HOUSING: Panel OKs inclusionary zoning change From Page 1
D.C. Office of Planning. With less mortgage assistance available from lenders like Fannie Mae, the Federal Housing Administration has picked up much of the slack. But in the District and other jurisdictions, federal laws have conflicted with local affordability agreements, which haven’t yet addressed what happens to an affordable condo if the lender later forecloses. Legally, the housing administration can’t assist with bank loans for affordable properties unless their terms of affordability would expire with foreclosure. In D.C., ASL Development Corp.’s four-story condo building at 2910 Georgia helped magnify this problem. The building went up in 2010, with market-rate units going for $342,211. The project also offered two affordable two-bedroom units — one at a low-income price of $124,900; the other for a moderate-income price of $235,800. Federal financing “has certainly been a complicating factor” in the sale of those affordable units, said Art Rodgers, the city’s senior housing planner. “They had some people who were interested in buying them who were denied FHA financing.” These two units were the very first produced under the District’s inclusionary zoning program, which took effect in 2009 after years of wrangling. The program requires developers to set aside a share of new units to be sold at below-market rates, in an attempt to maintain the city’s affordable-housing stock. And to date, the two Georgia Avenue units are the only ones made available for either sale or rent through mandatory inclusionary zoning, Rodgers said. One major reason for the program’s slow start, said Cort, is that it was finalized right at the time “the economy started to go bust [and] … housing construction had come to a standstill.” Those impacts are still felt today — a lot of the city’s current construction projects were
conceived years ago, so they’re exempt from inclusionary zoning.
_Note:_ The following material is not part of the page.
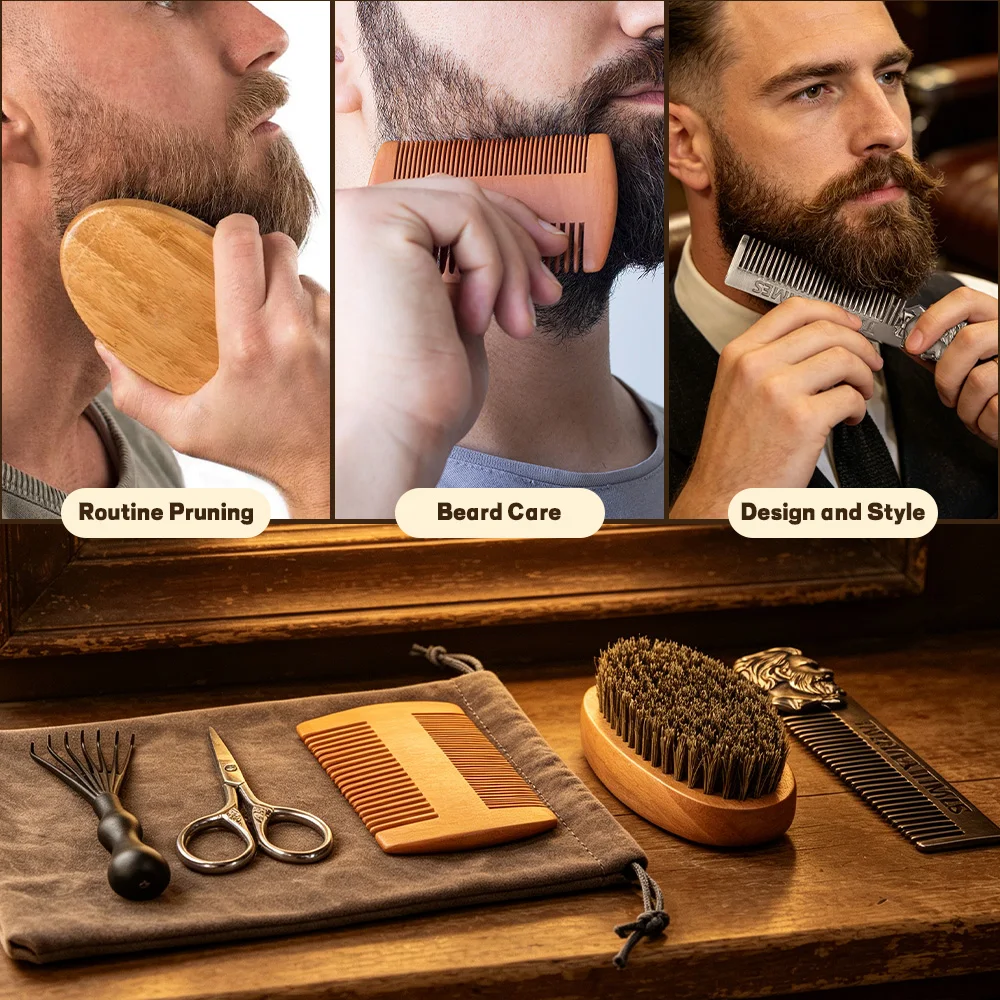 Portable Men's Beard Care Set, Natural Boar Bristle Brush, Wooden Comb, Embossed Hair Comb, Vintage Beard Scissors, Brush Cleaning Tool, Daily Beard Grooming and Styling Travel Set, Gift for Boyfriend or Husband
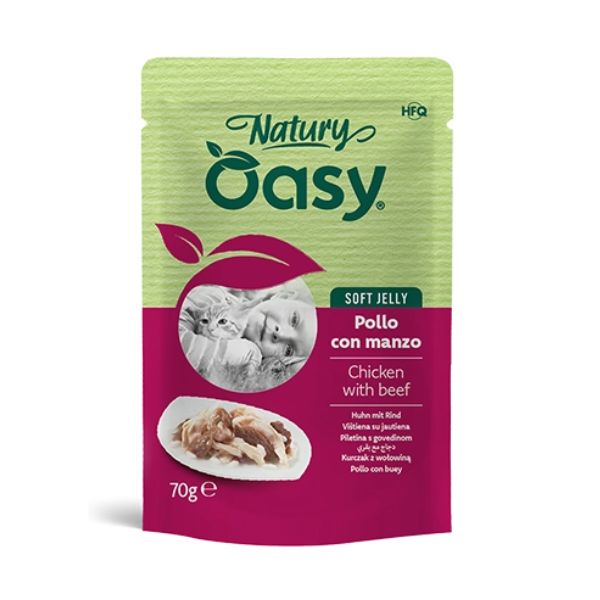 Oasy - Cat Adult Natury Pollo Con Manzo Soft Jelly 70 g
But Cort said “the pipeline is about to explode” with new projects. The D.C. Department of Housing and Community Development, in a report this spring, found that 930 inclusionary zoning units were under development. Though many of these are rental units — for which financing issues wouldn’t come into play — the problem with the Federal Housing Administration would have complicated the process for a number of for-sale units. In voting unanimously last week to approve an emergency amendment, the D.C. Zoning Commission allowed the city to sync its rules with the housing administration’s procedure. Generally, the changes mean that affordability provisions will expire when a foreclosure occurs. Rodgers told zoning commissioners at their July 30 meeting that the change should help “broaden the availability of credit,” allowing more low- and moderateincome buyers to get federal assistance with loans. In an interview, Rodgers described how the new system attempts to prevent foreclosure before it can even happen. “It allows an early-warning system,” he said, triggering the city to intervene in at-risk cases. The city is also looking at the problem long-range, Rodgers said — for example, investigating why Fannie Mae isn’t helping with loans for affordable units. Officials are also looking at setting up a reserve fund that could help create protections for foreclosure risk, he said. For the short term, Cort said, zoning commissioners took the right action. “These units have been on the market for far too long; we need to just move them out,” she said. “It’s far better to prevent foreclosure than to be caught up in the conflict that’s happened with FHA.” A public hearing will take place on the amendment before the commission adopts a permanent rule change.